Thursday, November 1, 2012

Ancient Fruit


Quince, Apples, and Pears  1886 Paul Cezanne

My friend Julia and I met a thousand years ago. Just days before I opened my restaurant L’Amie Donia, I ran an ad in the Palo Alto Weekly looking for line cooks and dishwashers. My office was a desk my sister had hauled out of her garage and tucked into a corner of the cozy storage room where I wrote menus and listened to NPR nestled between one hundred pound bags of flour, five gallon bins of cornmeal, gunny sacks of lentils, rice, and cannellini beans. Slowly, slowly, I had been stocking our pantry and preparing for our opening, scared out of my mind, running on coffee and adrenaline. Julia came by one morning holding out an application she’d only half filled. A tall, skinny, tanned blond, with strong ropey arms who sat on the floor even though I offered her my chair (there wasn’t room for two chairs), wearing a white T-shirt that smelled of laundry soap with faded jeans and Tevas. Who is this girl? I thought. She had just arrived home from a long cycling trip through Washington State, when her mother had shown her the ad and here she was, sitting cross legged against a case of wine, sizing me up with pursed lips (they didn’t stay that way for long). I could only offer seven dollars an hour. Okay. What time shall I be here? When I arrived the next morning at seven, she was already there, sitting by the front door on the ground in another clean white T-shirt, her hair in a loose bun. I unlocked the door, we walked in, and for the next two years, she never left my side.

To say those first few months were hard is like saying war is hard. Ask a soldier to describe the front lines, and if she’s come home unscathed, perhaps you’ll hear how poorly reality compares with what she remembers as the swell of daunting tasks intensified and swallowed her whole and that she would not exchange any of it for the easy industry of an air conditioned office with a coffee maker and a microwave in a break room. Even on grim days when incident and no-show dishwashers collided, we summoned grace in the kitchen, and I’d go home only to return just a few hours later, playing with the keys in my pocket, ready to do it all over again. I’m here because you’re here, you go, I go, put the coffee on, crank up the ovens, roast the veal bones, blanch the fries, freeze the dough, cook the apples, strain the stock, check the walk in, mise-en-place, mise-en-place, mise-en-place, whatever we can do, we will do, and no one leaves until it gets done. Yes chef.

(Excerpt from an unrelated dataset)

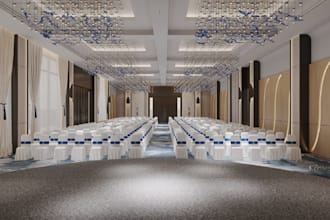 2d floorplan to 3d wedding hall,furniture layout,venue decoration,mockup renders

Within this orbit, rich with friendship and work, cooks come to know each other all too well, and it wasn’t long before Julia showed her mettle. This shy, freckled girl swore like a sailor and cooked like a couple of grandmothers, reaching back to essential ingredients before they were gussied up. Ask her to make pot roast and she’d sigh, intoxicated from the beefy aroma, as if it was already on her fork. And she provided the soundtrack to those long hours we spent prepping before the doors opened. Annie Lenox, The Pretenders, Sinead, so loud, the lady next door complained. Goodbye NPR. Alchemy and curiosity made Julia a wonderful chef—like her freckles, she was born into her talent. So when she was certain that I had a very capable brigade, she went off to take the helm of another kitchen in San Francisco and we remained war buddies with plenty of scars and mangled joints for souvenirs.

The other day, I came home to find a humungous bag of lumpy, yellow quince on my porch. No note. No sorry I missed you. I reached and put one right up to my nose to sniff its lemon rose scent through a gray fuzzy coat. It didn’t take me two seconds to know who they were from. Like I said, we know each other all too well. A different fellow might have forgotten how crazy I am for this ancient fruit. Julia remembered.

I’m making this Quince Cranberry sauce to take to Thanksgiving dinner at my sister-in-law’s house. That is, if I don’t eat it all before then with yogurt and granola.

Quince Cranberry Sauce

8 medium size quinces, peeled, seeded, and cut into eighths
1 ½ cups sugar
2 Tablespoons honey
2 cups water
Zest and juice of 2 oranges
Zest and juice of 1 lemon
4-5 cardamom pods cracked
2 cups fresh cranberries

Peel and core the quince very carefully, removing any fibrous pieces. Save a tablespoon of seeds. They’re packed with pectin and will give your sauce a lovely honey consistency.
In a large saucepan, combine the sugar, honey, water, citrus juice and zest and bring to a simmer on medium heat. Wrap the crushed cardamom pods and a tablespoon of quince seeds in a piece of cheesecloth and place in the warm liquid.
Add the quince and place a piece of parchment paper with a 2 inch hole cut in the center on top to keep the fruit immersed and allow steam to escape. Simmer for an hour until the quince are tender and have begun to turn rosy.
Gently fold the cranberries with the poached quince and simmer on low heat another 45 minutes until thickened and glossy. Remove the spice pouch. Pour into jelly jars, seal, and keep refrigerated.